O golo é o objectivo principal no futebol. É isso que determina quem ganha e quem perde, independentemente da nota artística. Mas há outro momento especial neste jogo seguido por milhões de pessoas: a finta. O escritor uruguaio Eduardo Galeano definiu-a como o “puro prazer do corpo que se lança na proibida aventura da liberdade.” E foi esse momento libertário o escolhido pelo jornalista e escritor brasileiro Sérgio Rodrigues para um romance com muito futebol, O Drible (Companhia das Letras), que venceu o Grande Prémio Portugal Telecom no ano passado e acaba de ser lançado no mercado português.

O Drible — finta em inglês — começa com um lance de Pelé no Mundial de 1970, aquele onde foi consagrada a melhor selecção brasileira de sempre. Sérgio Rodrigues podia ter escolhido um dos quase 1300 golos de Pelé ou um dos remates certeiros de Rivelino, Tostão ou Jairizinho. Mas preferiu recuperar uma famosa finta de Pelé ao guarda-redes do Uruguai, que acabou por não ser transformada em golo. Uma escolha com uma dupla originalidade. Não só há uma preferência da finta face ao golo, como também é original vermos Pelé, um vencedor-nato, ser narrado como um perdedor. “Pelé desafiou Deus e perdeu. Imagine se não perdesse. Se não perdesse, nunca mais a humanidade dormia descansada”, diz Murilo Filho, o cronista desportivo, numa das frases mais bem conseguidas deste romance.

Drama familiar
A história deste livro é, na essência, um drama familiar: um pai que está doente e que tenta reaproximar-se do filho após décadas de afastamento. “Esse pai é um velho cronista esportivo e nessa reaproximação a linguagem comum que ele encontra com esse filho é o futebol e as suas memórias futebolísticas”, explicou o escritor numa entrevista ao Ípsilon em Portugal, onde esteve para o lançamento do livro, publicado há dois anos no Brasil.

Como muitos meninos brasileiros, Sérgio Rodrigues sonhou “nos delírios infantis” ser jogador de futebol. Faltava-lhe talento mas ficou essa paixão, que vivia lado-a-lado com outra, bem menos habitual nessas idades — a literatura. Filho de um bancário que mudava muitas vezes de local de trabalho, habituou-se a ter os livros como “os fiéis amigos” que nunca o abandonavam, mesmo quando era hora de partir para uma nova cidade.

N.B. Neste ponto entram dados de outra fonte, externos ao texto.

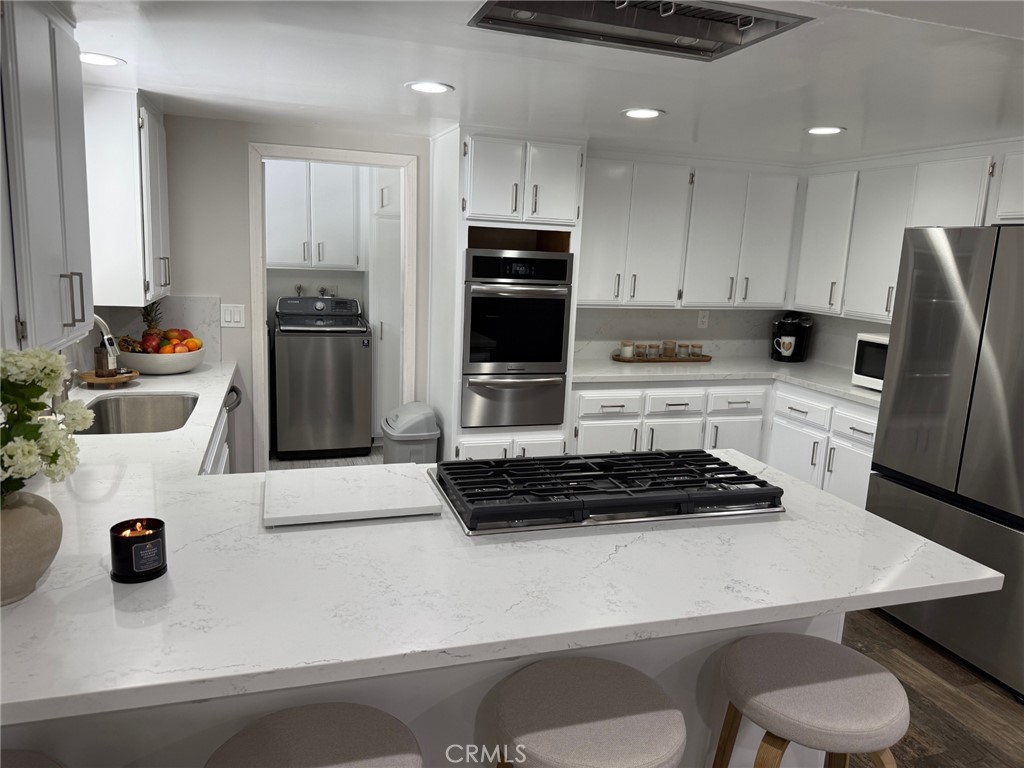 1530 Robin Way Fullerton, CA 92835 - Photo 20 of 35 a kitchen with a refrigerator a stove a sink and a stove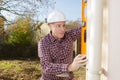 Builder checking straightness drainpipe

Agora, aos 53 anos, Sérgio Rodrigues juntou futebol e literatura. E embora conteste a ideia que O Drible seja um romance de futebol — “Todo o romance é um feixe de histórias e nenhum é sobre uma coisa só” — admite a intenção de homenagear o futebol, “a grande contribuição da cultura brasileira ao mundo, junto com a música popular”: “Nenhuma outra manifestação artística brasileira — e acho que a gente pode chamar o futebol de arte — atingiu o grau de projecção internacional que o futebol e a música atingiram. Então esse livro tenta ser o romance que a literatura brasileira deve, ou devia, ao futebol brasileiro, um campo pouco explorado na ficção.” — na verdade, e como bem disse Luís Fernando Veríssimo, o futebol é uma personagem deste livro, uma vez que o acompanha do início ao fim.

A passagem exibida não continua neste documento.